#### [DATA EXCERPT]
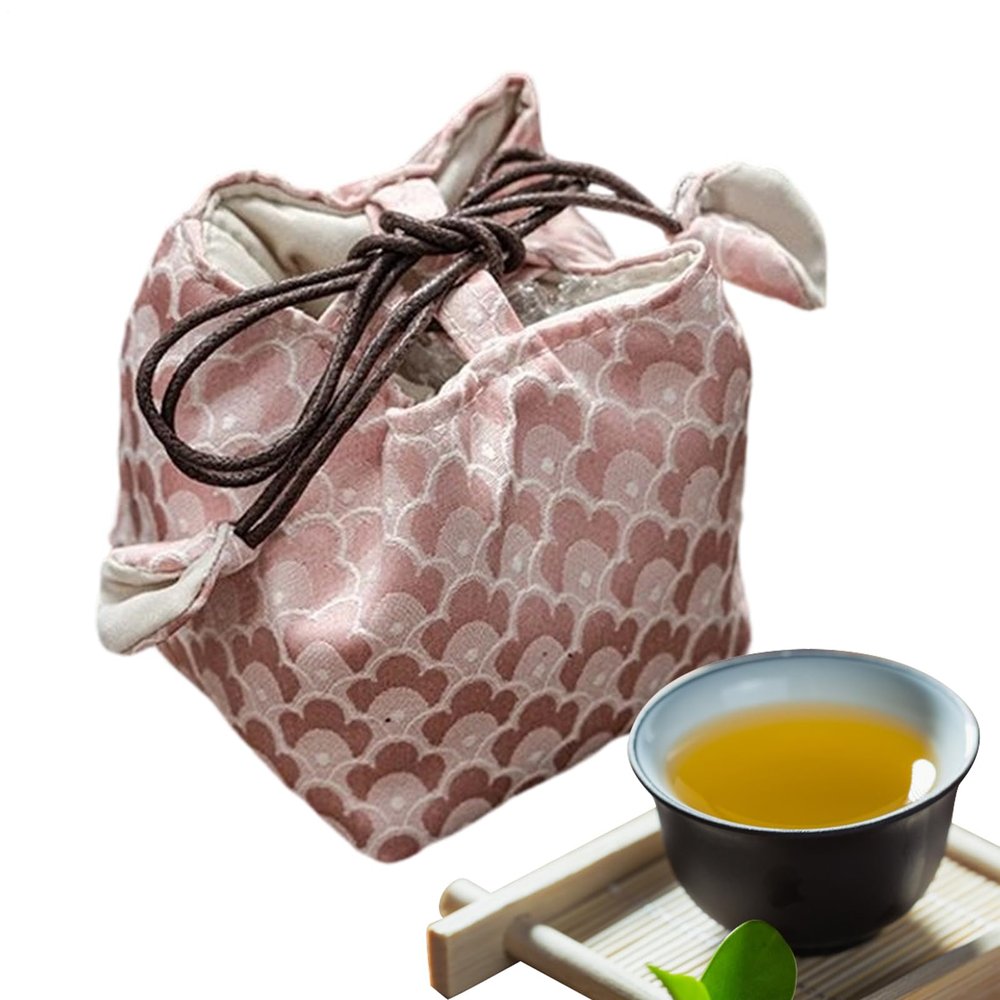 Embroidered Chinese Tea Organizer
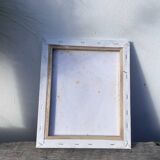 Painting of a blonde woman / oil on canvas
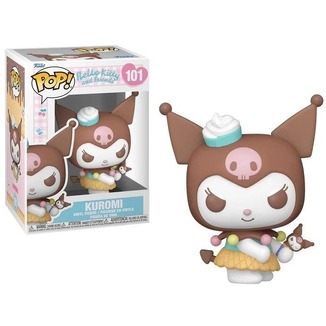 FUNKO POP SANRIO HELLO KITTY AND FRIENDS KUROMI WITH ICE CREAM 101 VINYL FIGURE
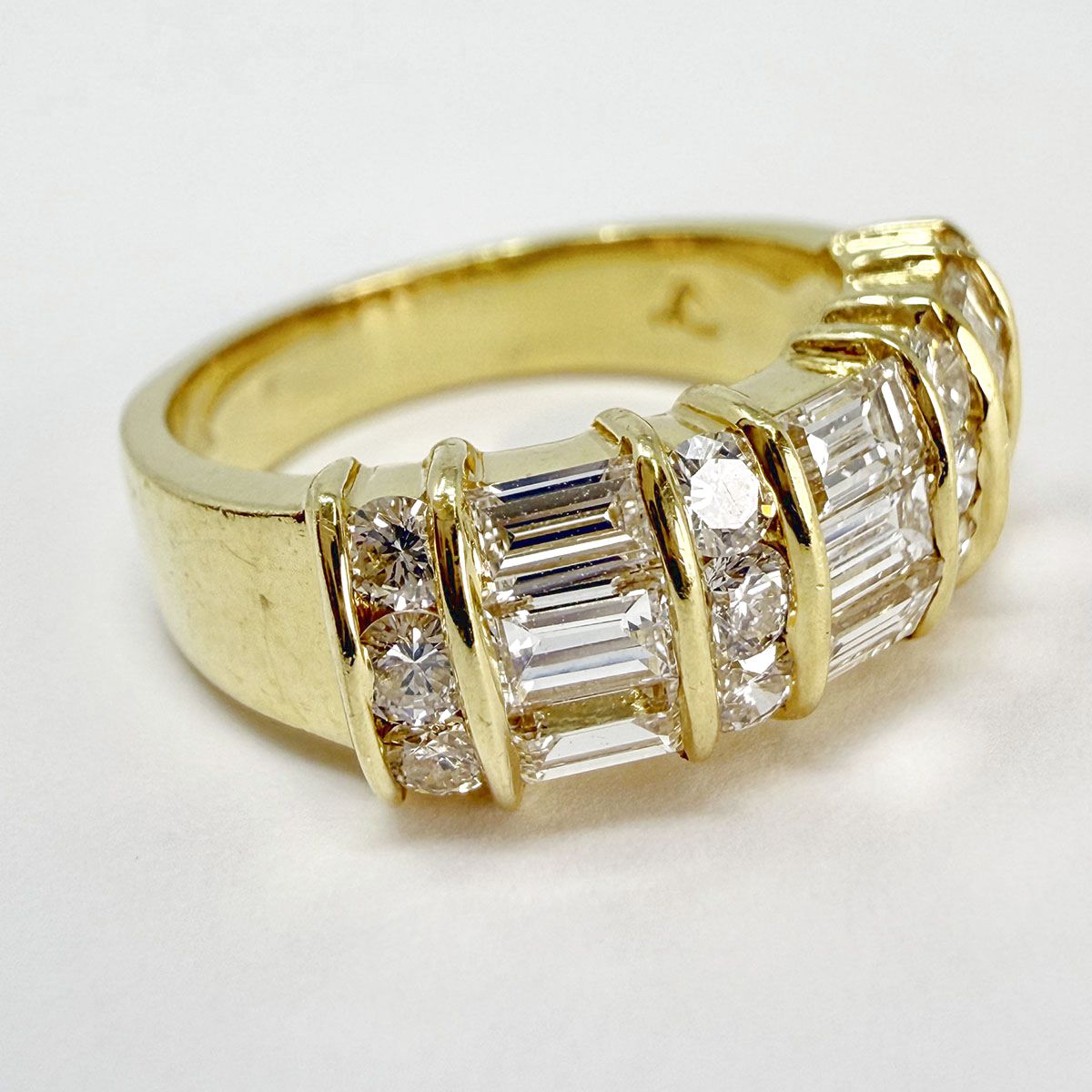 Jeff Cooper 18K Gold Diamond Ring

#### [EXERCISE DETAILS]
The response is the full listing, copied exactly, with the pictures omitted.

#### [THE COMPLETED TASK]
 Embroidered Chinese Tea Organizer
 Painting of a blonde woman / oil on canvas
 FUNKO POP SANRIO HELLO KITTY AND FRIENDS KUROMI WITH ICE CREAM 101 VINYL FIGURE
 Jeff Cooper 18K Gold Diamond Ring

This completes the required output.